GPT3 is quite impressive with its few shot capabilities. But you hit a limit due to prompt length limit. You end up in a zone which is better than any off-the-shelf model but not what you were hoping. You wonder if you could just fine tune the model.
Recently OpenAI release API to fine tune model with your dataset. It trains the model on the language modeling task using the “prompt” and expected “completion” pairs. You can use it for any use case with text.
Training limits
You can fine tune curie, ada and babbage models. You cannot train the most powerful davinci.
OpenAI gives free 10 runs per month.
Before starting the experiments, I asked for increase in run limit. OpenAI responded saying they can increase the limit if I exhaust it.
The dataset size limit is ~100MB.
Shorter prompt
As I prepared data for the experiment, I realise I did not have to use the original long prompt I was using for the few shot prompt. You can remove the few samples in the prompt and keep only the text on which you need to predict.
This leads to faster completion and less API cost.
My data contained around 20k rows - 6MB in size.
Training
Before you start the training, you have to run a command to check the data. It gives you some suggestions. It suggests to autocorrect the data as needed which is an interesting user experience.
openai tools fine_tunes.prepare_data -f train.jsonl
It tells you estimate of queue time and train time from the dataset. Strangely, when I ran the fine-tune command it started training on the spot and training was also faster than the estimate.
openai api fine_tunes.create -t train.jsonl -v eval.jsonl --batch_size 2 -m curie --n_epochs 4
If we pass eval file, it evaluates periodically on the eval file. Later we can export the loss metric logs.
openai api fine_tunes.results -i ft-iC3SV > results.csv
It also allows to train classifiers and get classification evaluation metrics. For classification, make sure the class name is single word. This helps us get the word probability which becomes the probability of prediction.
openai api fine_tunes.create -t train.jsonl -v eval.jsonl --batch_size 32 -m curie --n_epochs 4 --no_packing --compute_classification_metrics --classification_n_classes 2 --classification_positive_class "CLASS1"

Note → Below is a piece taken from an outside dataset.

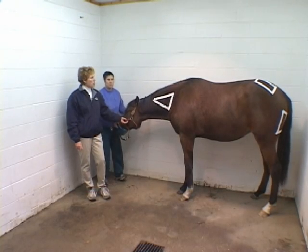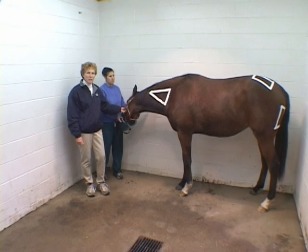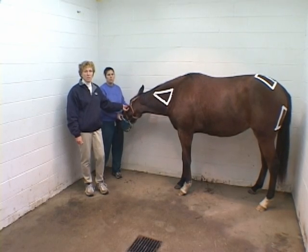We've put one-inch adhesive tape on this filly to demonstrate where anatomically you'd be placing an intramuscular injection. I want to go over the major sites and then discuss some of the pros and cons of each site with you.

The fine tuning time for classification turned out higher than same for non-classification. It also took more time to start the task. Maybe the queue were long.
Training logs
Inferencing
There is a slight delay in the model getting available after the training. But once it is published, it runs without any errors. The first call to the model takes time as it gets loaded but then it remains warm for some time.
Get the code here.
The above function will return you the text generated. If you are dealing with classification, pass prob=True. This sets the max_tokens to 1 which we can later utilise to get probability of prediction using token_logprobs.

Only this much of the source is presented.